To do —
The listing below holds pictures; exclude them. Return exactly the lines from the one with "Wooden mold with" through the one with "Photo of Organic".

___ Data provided ___

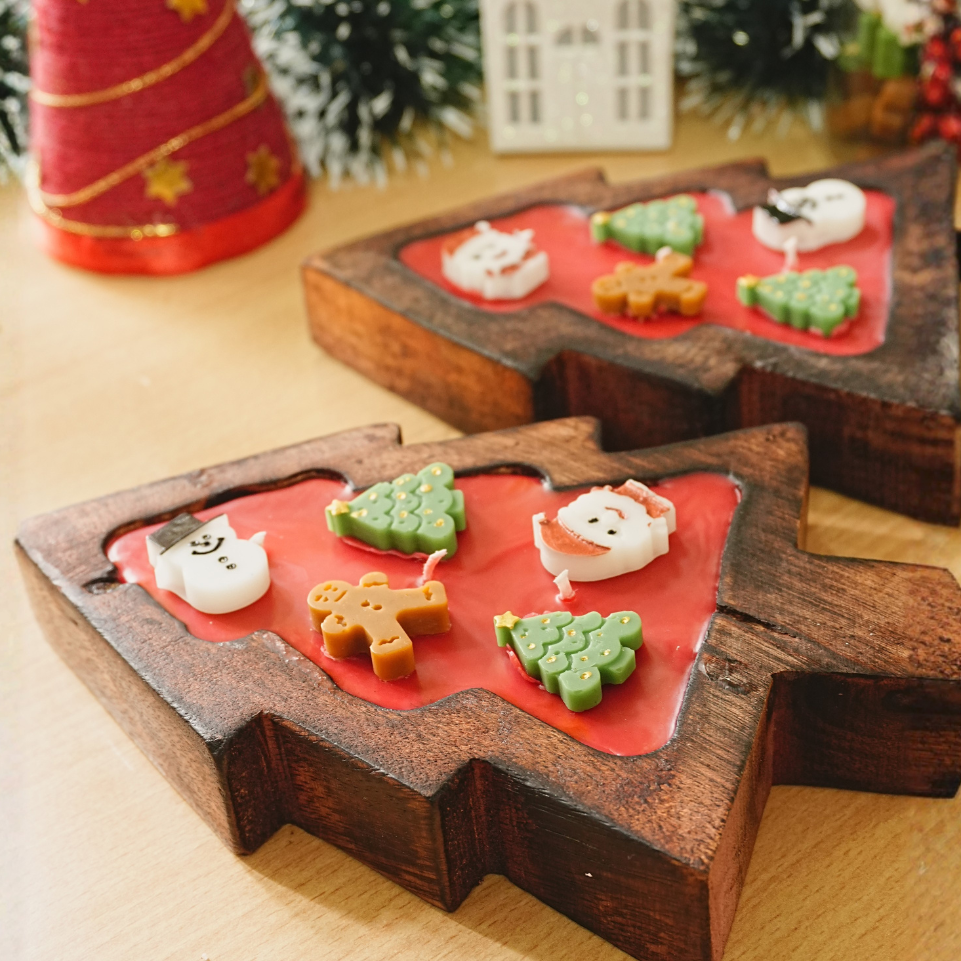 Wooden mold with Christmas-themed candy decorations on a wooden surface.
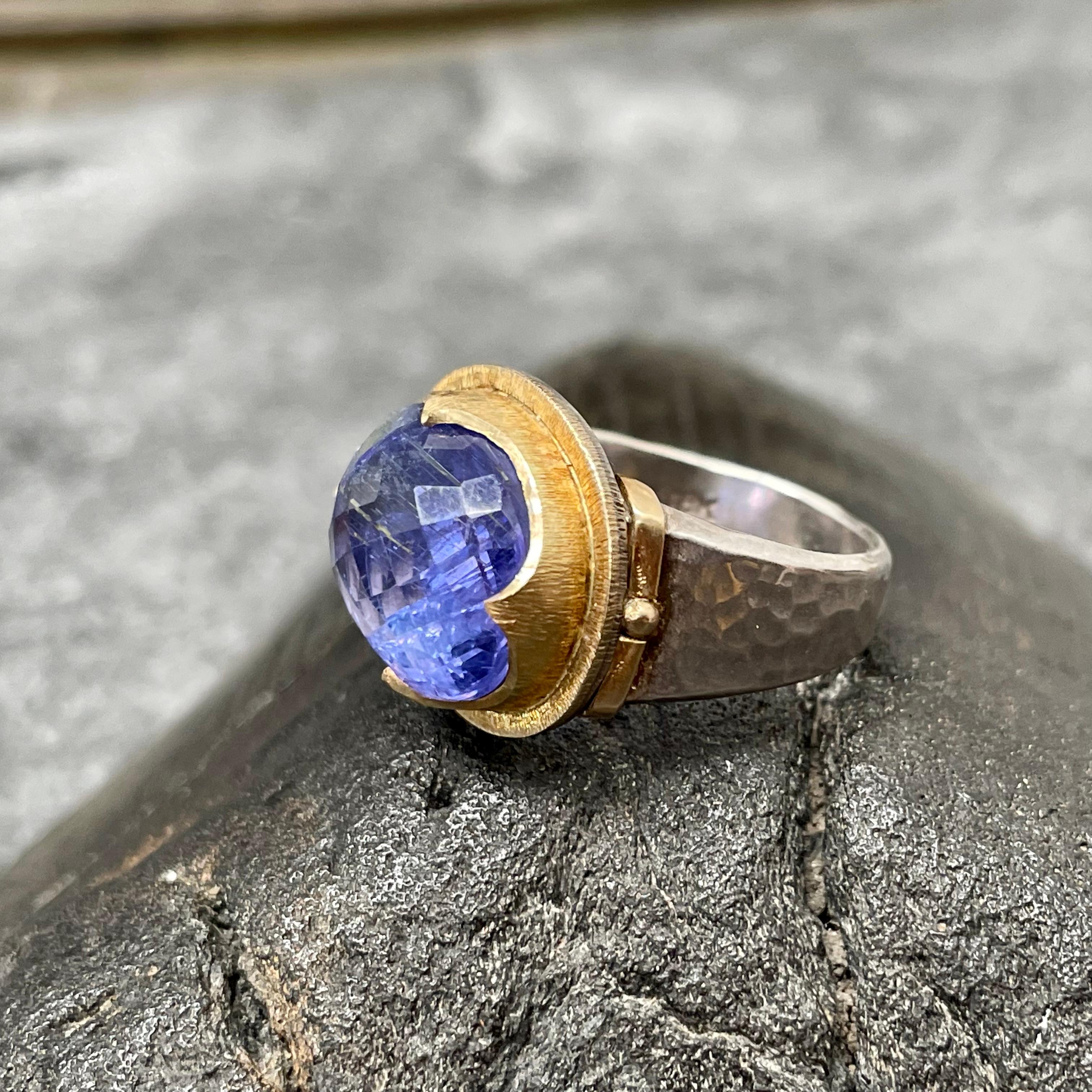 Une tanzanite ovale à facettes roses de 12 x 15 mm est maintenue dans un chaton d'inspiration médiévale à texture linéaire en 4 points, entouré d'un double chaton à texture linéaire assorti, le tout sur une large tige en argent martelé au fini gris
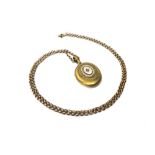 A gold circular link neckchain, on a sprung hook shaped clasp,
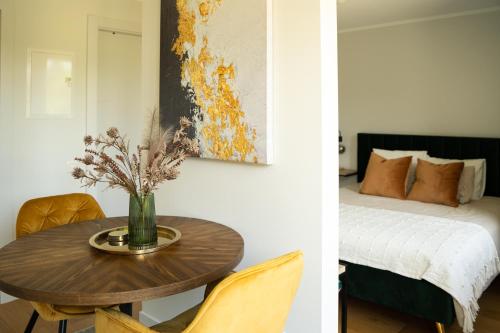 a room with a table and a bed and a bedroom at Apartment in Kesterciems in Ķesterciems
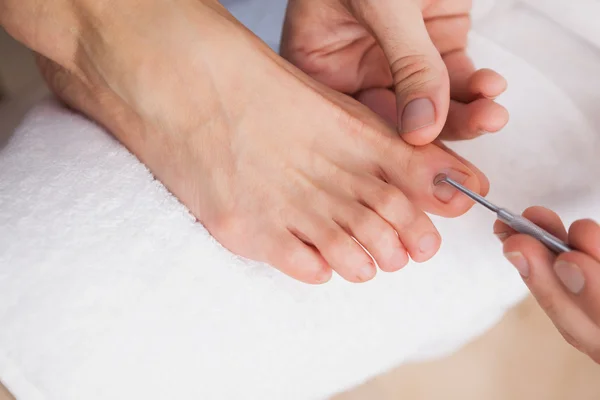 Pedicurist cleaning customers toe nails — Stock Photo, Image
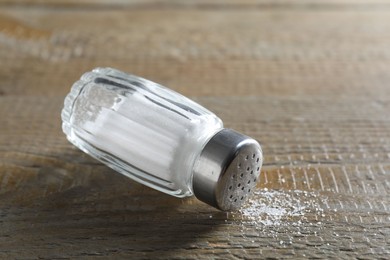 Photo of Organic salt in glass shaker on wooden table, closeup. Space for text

___
___ Data provided ___

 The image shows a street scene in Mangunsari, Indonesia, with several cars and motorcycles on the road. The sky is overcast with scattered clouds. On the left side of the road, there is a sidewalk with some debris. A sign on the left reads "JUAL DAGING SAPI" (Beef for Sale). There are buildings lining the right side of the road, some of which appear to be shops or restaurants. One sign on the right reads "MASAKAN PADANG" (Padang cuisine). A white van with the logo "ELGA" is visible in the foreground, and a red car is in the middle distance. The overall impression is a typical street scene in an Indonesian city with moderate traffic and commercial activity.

___

Answer to this task —
 Wooden mold with Christmas-themed candy decorations on a wooden surface.
 Une tanzanite ovale à facettes roses de 12 x 15 mm est maintenue dans un chaton d'inspiration médiévale à texture linéaire en 4 points, entouré d'un double chaton à texture linéaire assorti, le tout sur une large tige en argent martelé au fini gris
 A gold circular link neckchain, on a sprung hook shaped clasp,
 a room with a table and a bed and a bedroom at Apartment in Kesterciems in Ķesterciems
 Pedicurist cleaning customers toe nails — Stock Photo, Image
 Photo of Organic salt in glass shaker on wooden table, closeup. Space for text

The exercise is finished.